= Specified subject condition =

The Specified Subject Condition (SSC) is a condition proposed in Chomsky (1973) which restricts the application of certain syntactic transformational grammar rules. In many ways it is a counterpart to the Tensed-S Condition (TSC) (proposed in the same paper), applying to non-finite clauses and complex determiner phrases (DPs) which are not covered by the TSC. The rule was formalized as follows, where a "specified subject" is a lexical subject i.e. a subject with semantic content, like a proper noun, a complex DP, or a pronominal:

Specified Subject Condition (SSC)
“No rule can involve X, Y in the structure
... X ... [α... Z ... - WYV ...] ...
where Z is the specified subject of WYV in α.”
(Chomsky 1973: 239)

The SSC (along with the TSC) therefore had implications for the field which later became known as binding theory. In conjunction with a simple rule of disjoint reference (which stipulated that any pronoun following a noun phrase (NP) antecedent in the same sentence has disjoint reference with it, the rule applying anywhere unless it is blocked), co-reference is acceptable in the following sentences, because the SSC blocks application of this disjoint reference rule:

(1) The footballers_{i} want [the fans to love them_{i}]
(2) The footballers_{i} laughed at [the fan’s pictures of them_{i}]

The TSC (which essentially blocks transformational and binding rules from applying across clause boundaries) would not block disjoint reference in (1) and (2), hence the need for the SSC. Replacing the pronouns in (1) and (2) with reciprocals shows how the SSC blocks the application of each movement, hence the impossibility of the reciprocals referring back to "The footballers" in (3) and (4):

(3) * The footballers_{i} believe [the supermodel to love each other_{i}]
(4) * The footballers_{i} laughed at [the supermodel’s pictures of each other_{i}]
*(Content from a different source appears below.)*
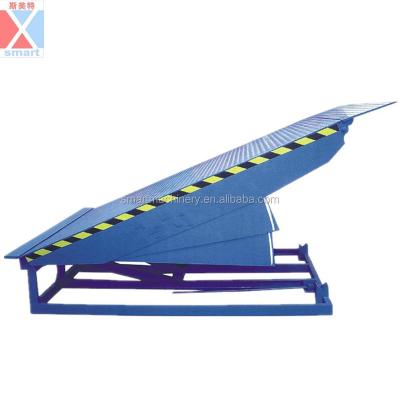 China Loading and unloading cargo 8 ton electric stationary hydraulic dock leveler, loading dock ramp leveler for sale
Notice that when the DP-internal subject is removed, each movement is not blocked from applying:

(5) The footballers_{i} laughed at the pictures of each other_{i}

An empirical problem for the SSC is the failure of disjoint reference to apply in a sentence like (6), where there is no specified subject blocking its application:

(6) The footballers_{i} laughed at the pictures of them_{i}

The SSC also made correct predictions for certain binding data with respect to control verbs. The notion of "specified subject" needs to be nuanced to include PRO with respect to an antecedent which does not control it; however, PRO is not a specified subject with respect to an antecedent which does control it. In the case of an object control verb like "persuade" therefore, we predict the following pattern:

(7) *We_{j} persuaded Bill_{i} [PRO_{i} to kill each other_{j}]
(8) Bill_{j} persuaded us_{i} [PRO_{i} to kill each other_{i}]
(9) We_{j} persuaded Bill_{i} [PRO_{i} to kill us_{j}]
(10) *Bill_{j} persuaded them_{i} [PRO_{i} to kill them_{i}]

In (7) PRO is a specified subject with respect to "we" (as it is controlled by "Bill" not by "we"); the SSC therefore applies to this sentence and each movement from "we" to "other" is blocked. Similarly, in (9), PRO is a specified subject for "we", thus blocking disjoint reference, so that "we" can corefer with "us" in the non-finite clause. In (8), PRO is not a specified subject for "us", allowing each movement from "us" to "other"; similarly in (10), disjoint reference between "us" in the matrix clause and "us" in the non-finite clause is not blocked by a specified subject, because "us" in the matrix clause controls PRO.

Similar examples hold for subject control verbs like "persuade": *They_{i} promised Bill_{j} [PRO_{i} to kill them_{i}] vs Bill_{j} promised them_{i} [PRO_{j} to kill them_{i}], and subject raising verbs like "seem": *They_{i} seem to Bill_{j} [t_{i} to like them_{i}] (where the trace is not specified with respect to "we" thus disjoint reference applies) vs We_{i} seem to Bill_{j} [t_{i} to like him_{j}] (where the trace is specified with respect to "Bill" so that disjoint reference is blocked).

The way the SSC accounted for binding as well as movement phenomena (such as the each movement examples above), was influential for much subsequent research which tried to reduce binding and movement to the same set of principles (see Kayne (2002) for a recent implementation). The subsequent binding conditions A and B of Chomsky (1981) essentially replaced the SSC (along with the TSC), and it is no longer a part of the toolkit of current researchers.